Iconostasis, built from 1876 to 1883. Gold, egg tempera on panel. Nativity of Christ Cathedral, Riga, Latvia. Photograph by Sophie Works, Riga, Latvia.
To carry out this project, I will combine ethnography, object-based interviews, photographic documentation, and compositional analysis of similar icons (i.e comparanda). An example of comparanda is pictured below.
For this methodology, I will be concurrently enrolled in American Councils’ Advanced Russian Language & Area Studies Program (RLASP) for eight weeks at Tallinn University. So, in combining my Russian language acquisition with my investigation into multi-scene icons, I will have two months worth of immersion in Tallinn to understand the devotional practices surrounding icons in the region.

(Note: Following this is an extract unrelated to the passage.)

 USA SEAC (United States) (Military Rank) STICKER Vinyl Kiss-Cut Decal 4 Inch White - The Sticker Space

Unknown sculptor, Afonasii Isakov (patron), “In Thee Rejoices,” Feast, Scenes, and Saints, 17th century. Icon, ivory carving. Russian Empire. Walter’s Online Collection, Walter’s Art Museum, Baltimore, Maryland.

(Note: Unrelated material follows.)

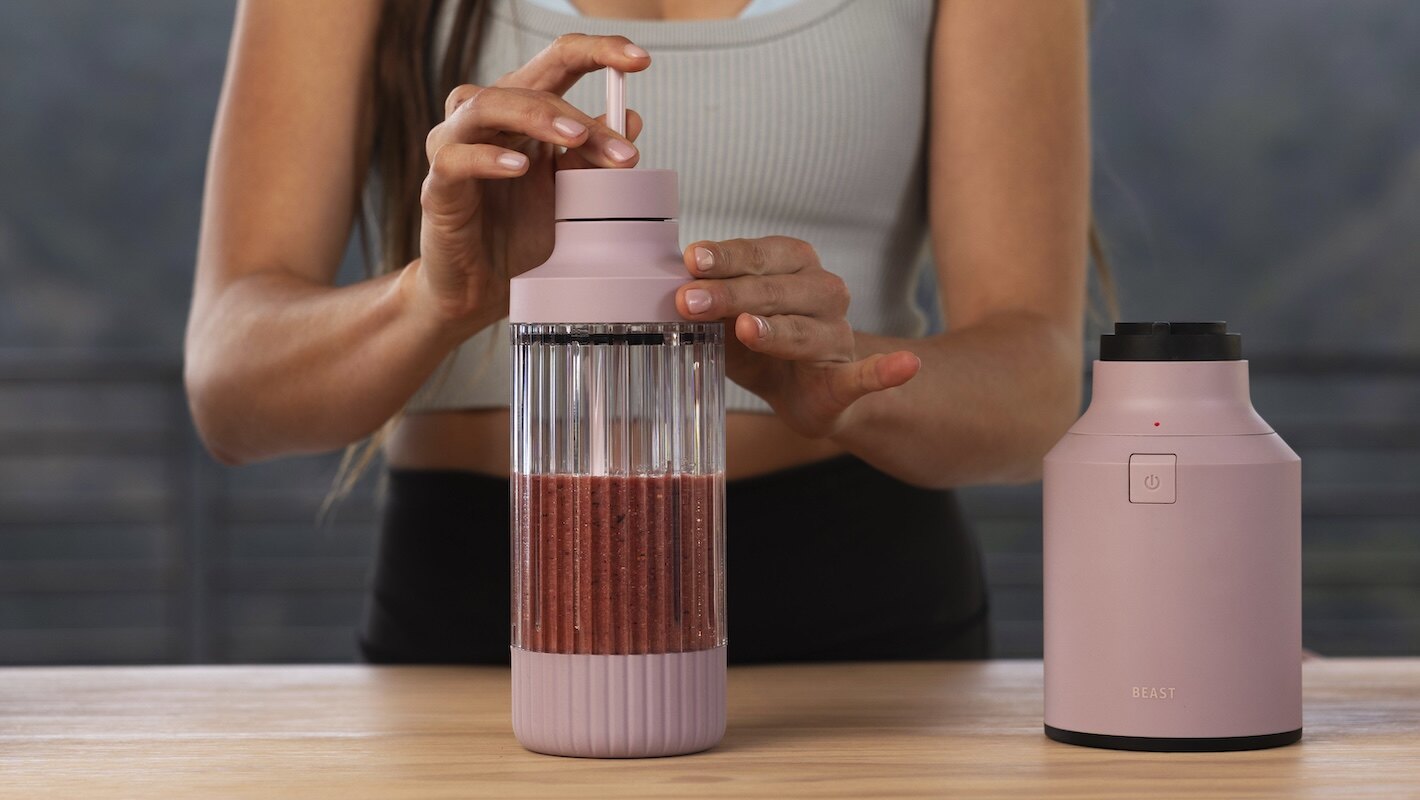 Green & Blue Boost – smoothie med spinat og blåbær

The analytical foundation for this study is a research paper that will be completed in my Spring 2026 graduate Byzantium course. The paper establishes the compositional logic of sixteenth- and seventeenth-century Russian multi-scene icons as an evolution of post-Byzantine frameworks. In doing so, the paper utilizes The ‘Painter’s Manual’ Dionysius of Fourna, written in 1909 by Greek monk Dionysius of Fourna and translated by Paul Hetherington. The Painter’s Manual is used widely by Russian iconographers to know what should and should not be included in the depiction of a particular scene. With this in mind, the manual acts as a helpful visual guide for identifying scenes, their figures, objects, and highlighting what is and is not present.
By the end of this project, I aim to better the digital documentation of icons and their devotional Orthodox communities in Tallinn. Additionally, there is little literature on Russian iconographic ivory and bone carving practices, especially in English. So, both my digital catalogue and thesis will help fill this gap.
Long-term, I plan to earn a Ph.D. in Russian and Slavic Studies to challenge institutionalized scholarly and commercial narratives by curating accessible collections of slavic material culture and its stories. I intend to preserve and investigate the trajectory of these objects and their narratives to inspire emotional connections through the material plane. Thank you very much for reading, and I will see you in the next blog post.